There is BLAS level 2 (f|d)symv for matrix-vector multiplies and BLAS level 3 (f|d)symm for matrix-matrix multiplies. Last time I benchmarked symv, it was slower than the general implementation by around 25%...
Disclaimer: I have very, very, very little experience using BLAS. The reasons I post this are:
- the original poster gave an unqualified speed difference, which cannot reasonably be the full story. They likely left out information such as a 'for my use case' clause.
- I was curious, too, but couldn't Google benchmarks.
Having said that, my guess would be that it is slower for small matrices (where algorithm overhead plays a role), but faster for larger ones (where speed probably is proportional to memory access speed times amount of data accessed).
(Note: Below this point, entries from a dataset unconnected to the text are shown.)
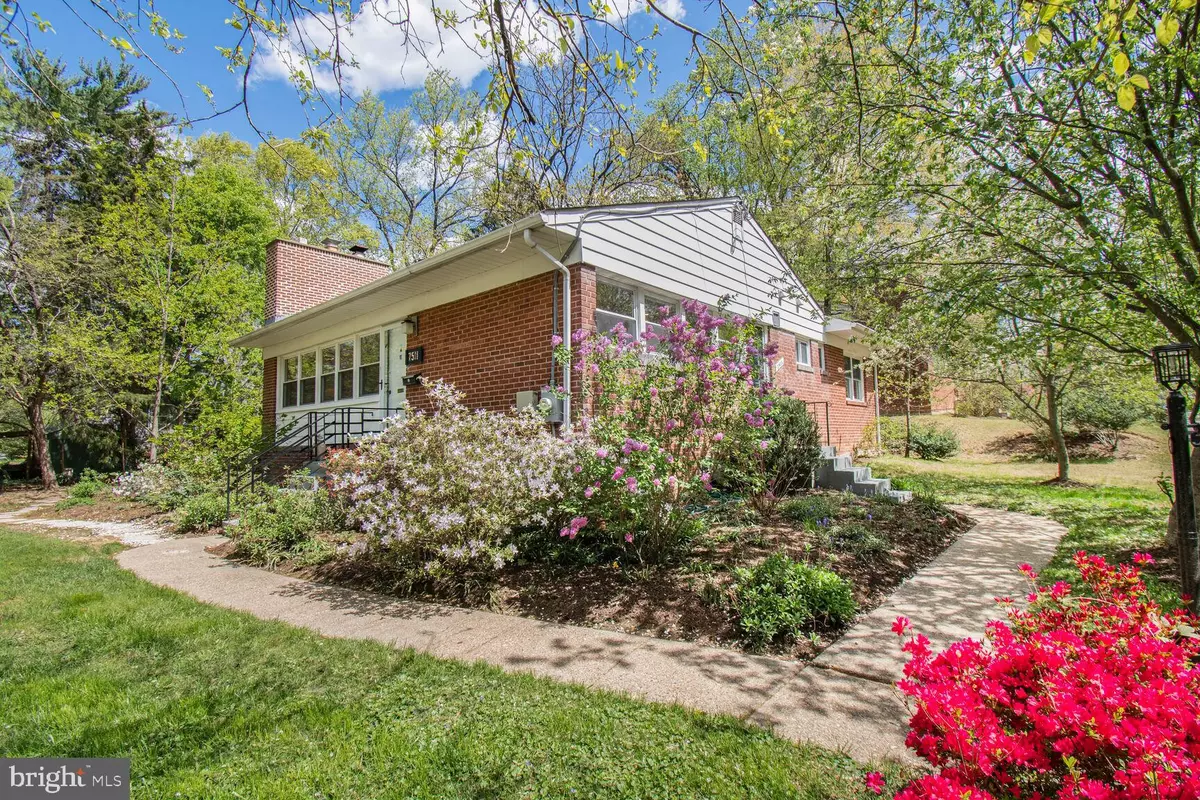 Takoma Park, MD 20912,7511 GLENSIDE DR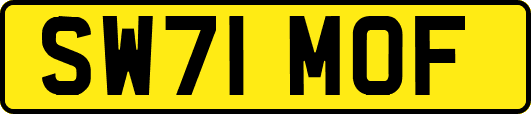 SW71MOF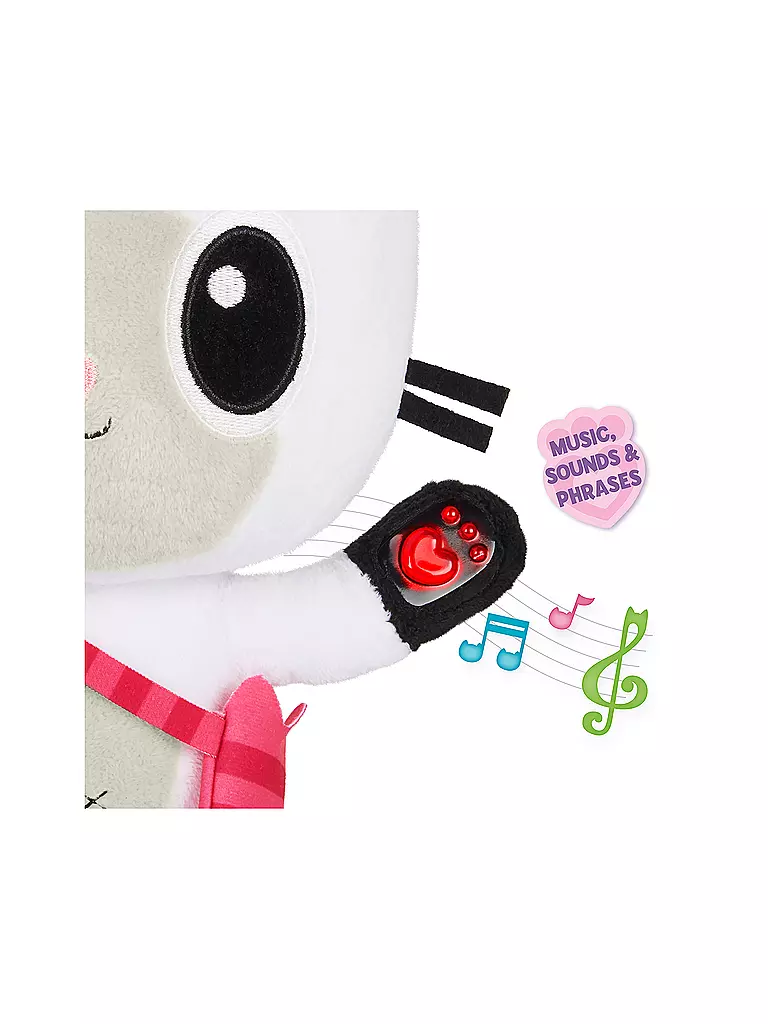SPINMASTER | Gabby's Dollhouse - Talking Pandy  Paws | keine Farbe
There's a similarity here with searching a sorted array. There, a linear search is faster than a binary search up to a surprisingly large N.
I wouldn't dare guess where the cut-off point lies, but it likely lies at a point above where a matrix row fills a cache line (below that, reading only a few entries of a row brings in an entire row, anyways). For a level 1 cache line of 64 bytes, for floats, that would be a 16x16 matrix.